##### DATA PROVIDED #####

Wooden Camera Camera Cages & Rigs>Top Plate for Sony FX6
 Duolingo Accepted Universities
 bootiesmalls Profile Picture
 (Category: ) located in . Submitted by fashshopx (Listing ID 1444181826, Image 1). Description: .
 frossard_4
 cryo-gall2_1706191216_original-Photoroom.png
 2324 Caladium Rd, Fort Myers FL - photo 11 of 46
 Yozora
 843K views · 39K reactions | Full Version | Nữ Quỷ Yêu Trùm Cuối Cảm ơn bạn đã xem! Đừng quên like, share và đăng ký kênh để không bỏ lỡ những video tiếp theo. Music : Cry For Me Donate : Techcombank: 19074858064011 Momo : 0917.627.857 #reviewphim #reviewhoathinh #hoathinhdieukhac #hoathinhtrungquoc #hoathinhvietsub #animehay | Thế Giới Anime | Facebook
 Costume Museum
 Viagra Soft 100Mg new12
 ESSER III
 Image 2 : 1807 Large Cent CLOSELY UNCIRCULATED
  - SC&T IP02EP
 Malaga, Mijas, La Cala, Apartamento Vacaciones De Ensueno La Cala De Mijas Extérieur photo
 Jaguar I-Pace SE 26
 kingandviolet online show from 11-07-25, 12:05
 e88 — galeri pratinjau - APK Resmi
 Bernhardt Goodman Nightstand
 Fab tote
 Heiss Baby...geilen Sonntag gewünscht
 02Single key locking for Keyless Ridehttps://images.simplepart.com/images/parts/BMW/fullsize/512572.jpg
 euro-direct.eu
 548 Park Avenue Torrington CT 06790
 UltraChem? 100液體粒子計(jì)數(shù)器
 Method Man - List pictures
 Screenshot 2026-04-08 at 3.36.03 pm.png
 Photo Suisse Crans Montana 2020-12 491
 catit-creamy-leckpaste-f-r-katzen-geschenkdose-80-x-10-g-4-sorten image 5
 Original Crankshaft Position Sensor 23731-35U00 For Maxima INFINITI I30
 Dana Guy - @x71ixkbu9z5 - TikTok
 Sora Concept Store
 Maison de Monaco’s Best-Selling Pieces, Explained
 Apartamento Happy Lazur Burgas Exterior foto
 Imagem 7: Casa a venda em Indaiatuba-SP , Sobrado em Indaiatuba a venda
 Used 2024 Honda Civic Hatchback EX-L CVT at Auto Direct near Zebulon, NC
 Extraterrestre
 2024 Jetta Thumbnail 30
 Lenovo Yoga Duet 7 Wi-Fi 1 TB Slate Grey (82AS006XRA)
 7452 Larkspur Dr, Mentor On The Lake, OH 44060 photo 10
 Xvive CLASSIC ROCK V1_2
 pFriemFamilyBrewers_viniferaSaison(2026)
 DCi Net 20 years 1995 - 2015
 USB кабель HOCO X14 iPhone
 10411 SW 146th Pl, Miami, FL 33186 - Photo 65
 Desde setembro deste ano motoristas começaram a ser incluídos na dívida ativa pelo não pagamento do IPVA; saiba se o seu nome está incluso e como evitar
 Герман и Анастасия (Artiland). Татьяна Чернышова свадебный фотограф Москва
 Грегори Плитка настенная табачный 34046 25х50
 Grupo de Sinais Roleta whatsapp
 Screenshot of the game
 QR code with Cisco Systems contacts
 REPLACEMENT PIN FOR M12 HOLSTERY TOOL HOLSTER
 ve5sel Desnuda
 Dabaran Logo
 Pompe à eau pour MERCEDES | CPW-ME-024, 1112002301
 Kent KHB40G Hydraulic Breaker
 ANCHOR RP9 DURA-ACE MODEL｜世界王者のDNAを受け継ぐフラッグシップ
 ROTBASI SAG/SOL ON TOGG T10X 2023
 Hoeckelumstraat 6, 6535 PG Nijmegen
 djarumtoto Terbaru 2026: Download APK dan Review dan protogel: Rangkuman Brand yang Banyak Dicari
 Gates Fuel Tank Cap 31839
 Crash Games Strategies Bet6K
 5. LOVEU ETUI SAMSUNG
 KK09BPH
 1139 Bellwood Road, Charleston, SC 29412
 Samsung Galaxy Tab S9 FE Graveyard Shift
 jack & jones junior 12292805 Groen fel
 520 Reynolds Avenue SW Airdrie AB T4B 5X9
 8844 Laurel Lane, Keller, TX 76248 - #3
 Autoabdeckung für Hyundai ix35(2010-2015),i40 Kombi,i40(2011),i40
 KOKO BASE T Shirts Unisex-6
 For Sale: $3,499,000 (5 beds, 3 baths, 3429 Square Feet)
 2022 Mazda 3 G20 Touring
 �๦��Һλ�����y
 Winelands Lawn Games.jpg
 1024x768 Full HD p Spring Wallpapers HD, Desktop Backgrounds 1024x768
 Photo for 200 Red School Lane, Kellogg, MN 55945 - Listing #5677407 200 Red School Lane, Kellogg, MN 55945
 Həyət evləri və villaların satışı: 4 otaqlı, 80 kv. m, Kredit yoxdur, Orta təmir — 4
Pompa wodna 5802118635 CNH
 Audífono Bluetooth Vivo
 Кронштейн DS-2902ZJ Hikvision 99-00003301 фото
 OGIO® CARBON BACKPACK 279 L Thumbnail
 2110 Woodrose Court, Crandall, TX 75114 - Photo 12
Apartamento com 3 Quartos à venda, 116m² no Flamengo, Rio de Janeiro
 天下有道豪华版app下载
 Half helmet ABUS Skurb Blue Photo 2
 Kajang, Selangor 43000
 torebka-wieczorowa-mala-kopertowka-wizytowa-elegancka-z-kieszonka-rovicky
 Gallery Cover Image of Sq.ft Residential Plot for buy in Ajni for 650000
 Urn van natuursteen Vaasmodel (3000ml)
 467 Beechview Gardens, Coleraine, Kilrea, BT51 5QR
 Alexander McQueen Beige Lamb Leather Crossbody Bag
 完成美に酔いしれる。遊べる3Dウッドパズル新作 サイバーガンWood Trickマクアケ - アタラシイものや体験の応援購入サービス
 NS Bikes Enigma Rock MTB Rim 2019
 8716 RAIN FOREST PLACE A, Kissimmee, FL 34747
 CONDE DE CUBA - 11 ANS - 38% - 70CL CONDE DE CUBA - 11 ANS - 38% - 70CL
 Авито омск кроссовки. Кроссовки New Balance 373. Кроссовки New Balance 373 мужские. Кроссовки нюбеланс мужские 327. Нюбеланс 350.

#####

- _WHAT THE TASK REQUIRES_
Gather all lines with the string "Lane" from the data.

- _ANSWER TO THIS TASK_
 8844 Laurel Lane, Keller, TX 76248 - #3
 Photo for 200 Red School Lane, Kellogg, MN 55945 - Listing #5677407 200 Red School Lane, Kellogg, MN 55945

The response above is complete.